Good News

Published: Thursday April 13, 2017

There doesn’t seem to be much good news around at the moment. Perhaps that’s always the case – the things that really get our attention, that sell newspapers, tend to be tales of grief and pain rather than ‘happily ever after’ stories – we leave those for novels.

But if you look hard enough you can normally find a good news story to celebrate. Amidst the horror of Syria and Yemen and terrorist attacks around the world there was an international ‘good news’ story last week. It involved the Basque separatist group, Eta, finally giving up their arms 6 years after they declared a ceasefire. Yet even within good news stories – and this is surely one – there often lies grief and pain. This is a story of reconciliation between two estranged, warring parties. But it’s a hard won reconciliation that isn’t neat and tidy. It leaves many dead, with their relatives still grieving. I’m sure not everyone feels part of it. If it is to go on being good news it will require the courage and determination to let forgiveness and hope triumph over hatred and despair. And that will be costly. I can’t help thinking of the powerful example set by so many in South Africa under Desmond Tutu’s ‘Truth and Reconciliation’ Commission back in the 1990s.
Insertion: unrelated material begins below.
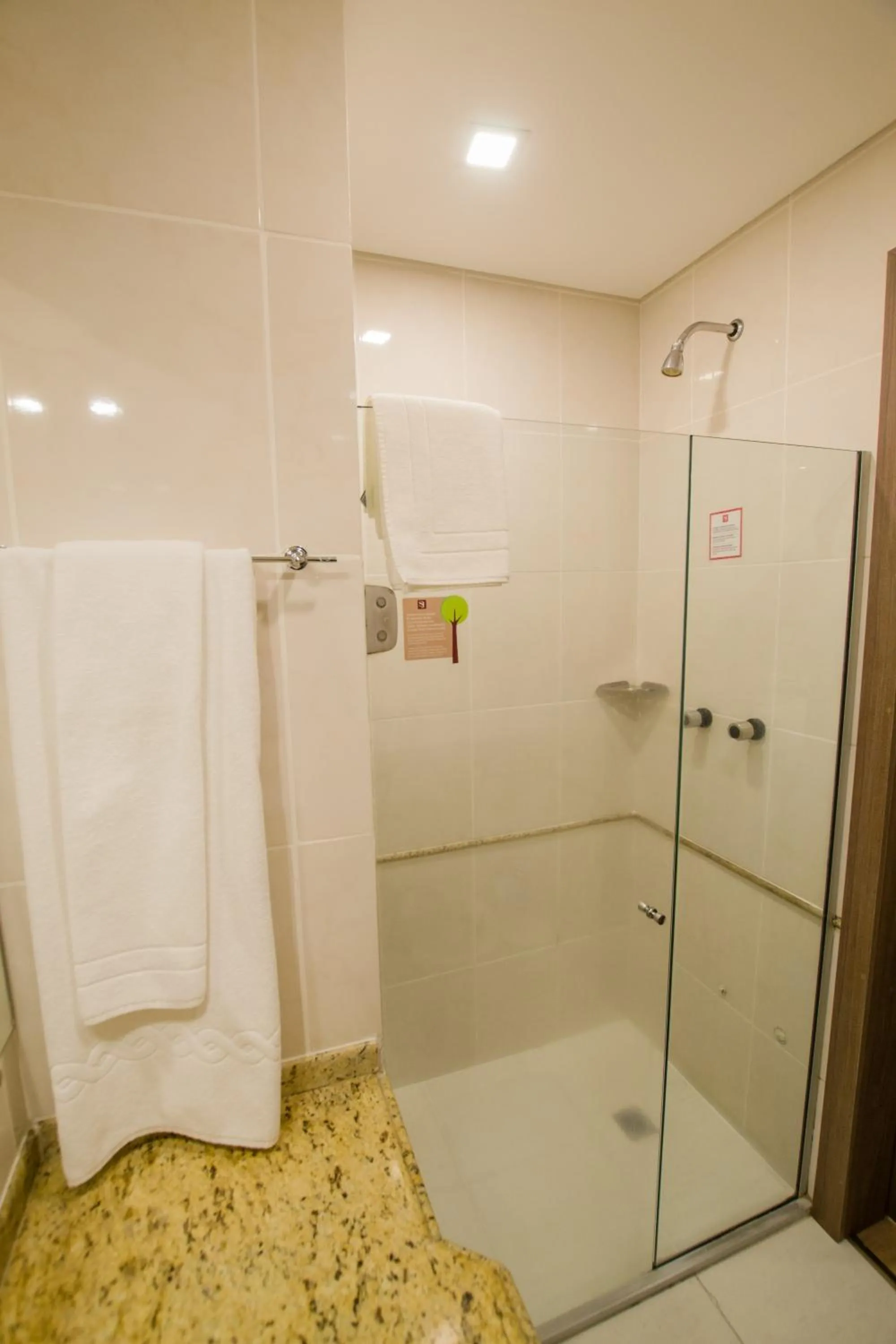 Shower in SJ Royal - San Juan Curitiba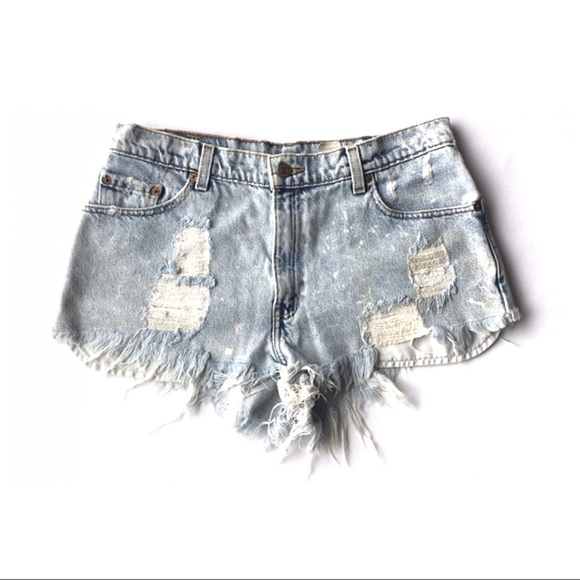 Levi's Pants - Vintage Levi's 555 distressed festival shorts, 28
But as a Christian I can’t help thinking too of the events of that first Easter almost 2000 years ago when Jesus died the barbaric and excruciating death of a common criminal. St Paul, in some of his letters in the Bible, talks about what happened there as the ultimate reconciliation story. Of anyone and everyone who chooses to receive it, finding forgiveness and hope and reconciliation in the death – and then on Easter Sunday the resurrection – of Jesus Christ. It’s not a neat and tidy story, it is costly and it has within it much pain and grief – but it is good news.